With the lift of the structure above base flood elevation as a zoning requirement, the Owners’ aspiration was to inhabit modest but carefully interconnected pavilions that levitate above the tropical landscape. The simplicity of form is achieved through the configuration of the L-shaped structure that is composed of two rectilinear pavilions. Containing the public aspects of the program as well as the Owners’ quarters, the main pavilion is carefully carved out to open itself toward the water views of Big Sarasota Pass. This uninterrupted view becomes the common datum that links the spaces of the open floor plan and the adjacent rooms. Separated from the main pavilion by a transparent two-story entry stair, the private elements of the program are gathered in a long and narrow volume. The orientation of the guest pavilion takes advantage of the internal courtyard containing a tropical garden with lap pool while also providing additional water views. The cantilevered extension of this volume above the private courtyard entry screen enhances the essence of the floating structure as if it was reaching out to capture the views of Bayou Louise on the opposite side of the property.

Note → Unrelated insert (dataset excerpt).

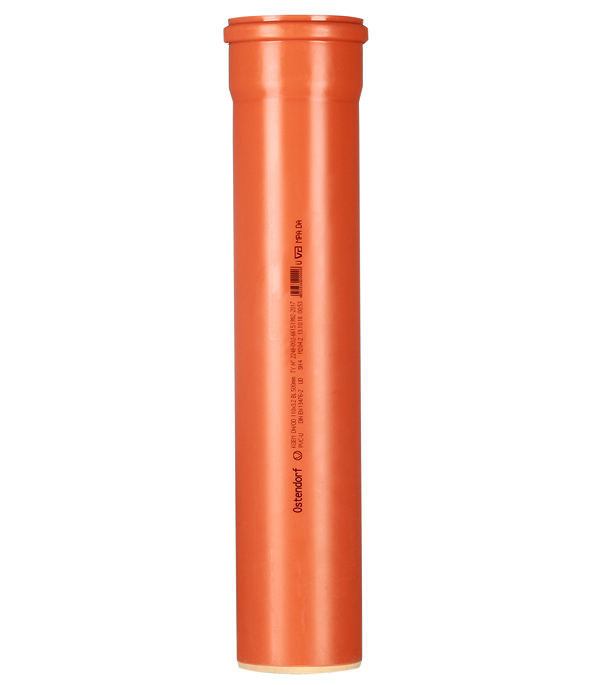 ������ ������ ����� ��������������� Ostendorf KGEM d110x500 �� ��� �������� ����������� (220000)   ����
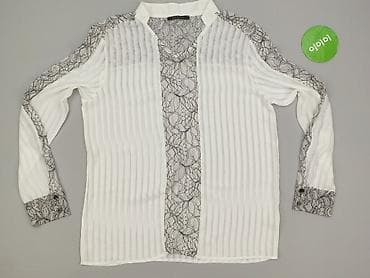 mongul bluzka: Bluzka damska, rozmiar M — 2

The delicate expression and detailing of architectural elements further reinforce the simplicity of the structure while addressing the local climate. Strategically placed vertical shading screens, deep overhangs, and nested windows emphasize the integrity of the structure by their adaptation and interplay with the Florida sun. The careful composition of repetitive but limited material palette of exposed board-on-board concrete on the ground floor, vertical composite wood shading screens and siding on the elevated structure, and white portland cement plaster provide a gesture of unity as well as an understated elegance and timelessness.